ーZ世代が描く未来のモノづくりー『Z世代のクラフトマンシップ展~ファッション×サステナビリティのお勉強』
大阪文化服装学院の学生が、「サステナブルなファッションクリエイション」を目指した作品を展示した『Z世代のクラフトマンシップ展~ファッション×サステナビリティのお勉強』。
たまたま知って、見に行ってみたらとても面白かったので、今回はその展覧会の様子を紹介します。
Z世代のクラフトマンシップ展とは
大阪文化服装学院の学生が、様々なアプローチを用いて手がけた、サステナブルなクリエイション。
そのアプローチは、廃棄衣料のアップサイクルから、フィッシュスキンを使用した作品、3Dモデリングなど最新テクノロジーを活用した作品まで多様。
大阪中之島美術館で、2023年3月14日〜16日までの日程で開催されました。
本展覧会に作品を出品しているZ世代の学生さんは、コロナ禍でたくさん学生生活に制限があったものの、その一方で、「考える時間」を手にしたそうです。
未来のデザイナーに絶対に求められる、サステナブルな考え抜かれたクリエイションが並んでいました。
新たなエコレザー、フィッシュレザーの魅力
レザーといったら皆さんはどの動物を思い浮かべますか?
牛、馬、豚、羊…などが一般的ですよね。
今、魚の皮から作られる フィッシュレザー(フィッシュスキン) が注目を集めています。
フィッシュレザーとは、その名の通り、なめし処理を施した「魚の革」のことを指します。
食用として消費される魚の皮を使用しているため、少ない環境負荷で生産が可能です。

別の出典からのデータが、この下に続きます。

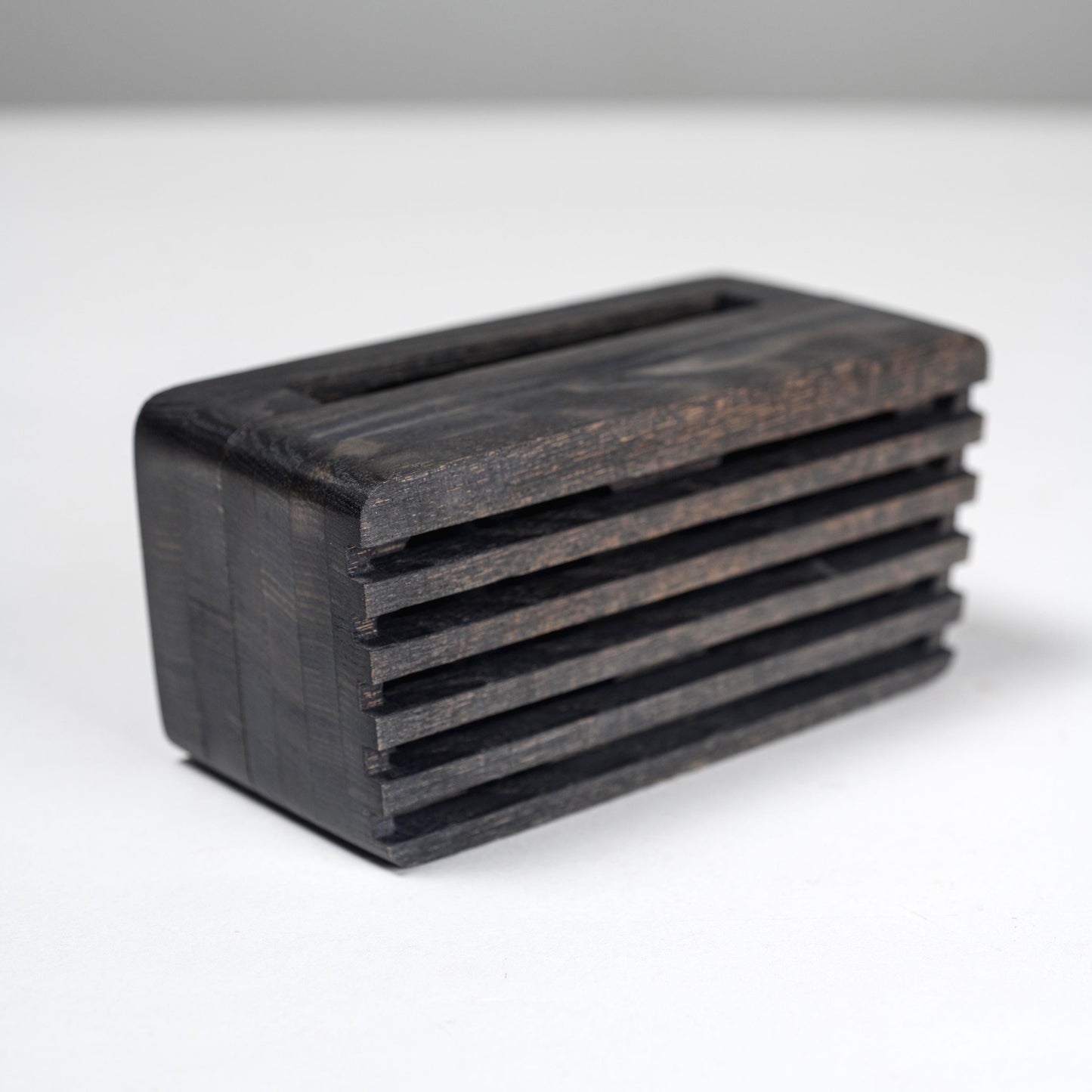 Compact wooden sound amplifier for smartphones, handcrafted and eco-friendly design.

魚がレザーに加工されるとは、驚きですね!
フィッシュレザーブランド tototo の公式サイトにフィッシュレザーの生産過程について説明されているので、気になる方は下記をご覧ください。
会場には、そんなフィッシュレザーを取り入れたコレクション、大阪文化服装学院スーパーデザイナー学科4年生 岡田太陽さんによる「TAIYO OKADA」が展示されていました。
魚ならではの目を見張る美しい鱗模様、
他の動物のレザーと全く違う風合いが特徴的です。
また、同校の他のコレクションには、本来廃棄予定だったレザーを用いた作品もありました。色むらや傷物と呼ばれるレザーを使用しているとのことで、リアルレザーとの向き合い方について考えさせられました。

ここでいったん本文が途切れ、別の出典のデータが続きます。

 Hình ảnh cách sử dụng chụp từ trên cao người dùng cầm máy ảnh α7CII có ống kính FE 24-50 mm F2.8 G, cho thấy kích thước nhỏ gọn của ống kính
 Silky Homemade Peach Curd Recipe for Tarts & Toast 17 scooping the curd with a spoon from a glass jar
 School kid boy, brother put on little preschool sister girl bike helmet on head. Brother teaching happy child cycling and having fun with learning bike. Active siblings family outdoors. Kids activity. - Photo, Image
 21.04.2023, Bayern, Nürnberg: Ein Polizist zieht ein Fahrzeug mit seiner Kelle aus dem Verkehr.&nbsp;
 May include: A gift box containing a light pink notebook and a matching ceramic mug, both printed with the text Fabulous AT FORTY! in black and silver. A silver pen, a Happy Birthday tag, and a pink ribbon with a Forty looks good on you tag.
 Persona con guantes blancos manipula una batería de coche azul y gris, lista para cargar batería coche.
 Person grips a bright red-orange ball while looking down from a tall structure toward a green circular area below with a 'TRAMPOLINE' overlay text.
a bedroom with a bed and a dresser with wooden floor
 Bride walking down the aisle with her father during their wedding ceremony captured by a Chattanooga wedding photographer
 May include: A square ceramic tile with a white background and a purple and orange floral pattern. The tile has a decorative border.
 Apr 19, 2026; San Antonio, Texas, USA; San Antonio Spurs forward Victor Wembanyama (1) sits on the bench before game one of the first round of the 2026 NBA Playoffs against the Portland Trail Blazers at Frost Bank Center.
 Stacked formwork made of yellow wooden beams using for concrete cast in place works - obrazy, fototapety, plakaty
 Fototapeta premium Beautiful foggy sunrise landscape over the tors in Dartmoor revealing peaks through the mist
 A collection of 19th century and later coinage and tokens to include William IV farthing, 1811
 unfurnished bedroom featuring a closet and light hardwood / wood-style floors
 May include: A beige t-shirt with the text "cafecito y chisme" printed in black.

昨今では一切動物由来の原料を使わず、サボテンやパイナップルの葉といった植物から作られるヴィーガンレザーも登場しています。
リアルレザー、フェイクレザー、エコレザー…。
それぞれのメリット・デメリットをよく理解し、サステナビリティの観点で心から応援できる商品を選択していきたいですね。
再利用をスタンダードに
ファストファッションがすっかり定着し、店頭には毎シーズンごとに新商品が並び、安く手軽に衣服を買い替えることが当たり前になった現代。
今回の『Z世代のクラフトマンシップ展』のテーマである、
‟サステナビリティ”。
豊かさの裏の代償について考える上で、これからのモノづくりに欠かせない大切な視点ですよね。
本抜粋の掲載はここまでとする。